Cuaca Panas Bisa Picu Mobil Alami Overheat? Jangan Khawatir, Lakukan 8 Cara Ini untuk Mengatasinya
Tekno

Cuaca panas ternyata bisa memicu mesin mobil mengalami overheat. Dalam kasus yang parah, masalah ini bisa membuat mobil terbakar. Untuk mencegahnya ada beberapa cara yang bisa dilakukan untuk mendinginkan mesin mobil yang terlalu panas seperti ini.

WowKeren - Kondisi beberapa daerah di Indonesia beberapa waktu belakangan ini sedang panas-panasnya. Hal ini dikarenakan posisi matahari yang sedang dekat dengan garis khatulistiwa, sehingga suhu mengalami peningkatan yang cukup tinggi. Bahkan beberapa waktu lalu BMKG memperkirakan suhu di beberapa wilayah Indonesia bisa mencapai lebih dari 39 derajat Celcius hingga akhir bulan ini.

Karena cuaca panas ini, beberapa hal akan terkena dampaknya. Salah satunya adalah performa mobil kita. Pasalnya, saat cuaca panas mesin mobil dipaksa untuk bekerja lebih keras di atas suhu optimalnya karena gaya gesek yang semakin membesar.


Selain itu, penggunaan penyejuk udara atau AC di dalam mobil juga akan semakin membebani mesin.

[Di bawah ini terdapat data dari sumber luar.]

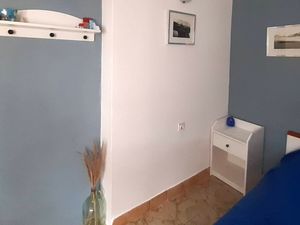 23930072-Ferienwohnung-2--300x225-4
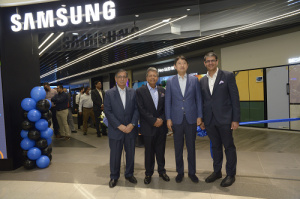 Manohar Punjabi, Executive Director, Jackys Group; Jacky Panjabi, Managing Director, Jackys Group; Seong Hyun Lee, President of Samsung Gulf Electronics and Ashish Panjabi, COO, Jacky's Group at the store opening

Dan ketika sistem pendinginan tidak optimal, mobil berisiko mengalami overheat. Dalam kasus yang parah, mobil bisa sampai terbakar, seperti yang dialami oleh artis papan atas Raffi Ahmad beberapa waktu lalu.

Untuk mencegah hal itu terjadi, ada beberapa cara yang bisa kita lakukan untuk mendinginkan mesin mobil yang terlalu panas. Mau tahu apa saja itu? Simak informasi selengkapnya berikut ini.

(wk/eval)

1. Saat Mobil Alami Overheat, Jangan Panik dan Menepilah Secara Perlahan


Saat Mobil Alami Overheat, Jangan Panik dan Menepilah Secara Perlahan

Saat Anda merasa mesin mobil sudah terlalu panas, yang paling penting adalah jangan panik dan tetap tenang. Apabila pengukur suhu telah mencapai zona merah atau bahkan keluar uap atau kepulan putih dari mesin, menepilah secara perlahan ke pinggir jalan setelah menemukan tempat yang aman.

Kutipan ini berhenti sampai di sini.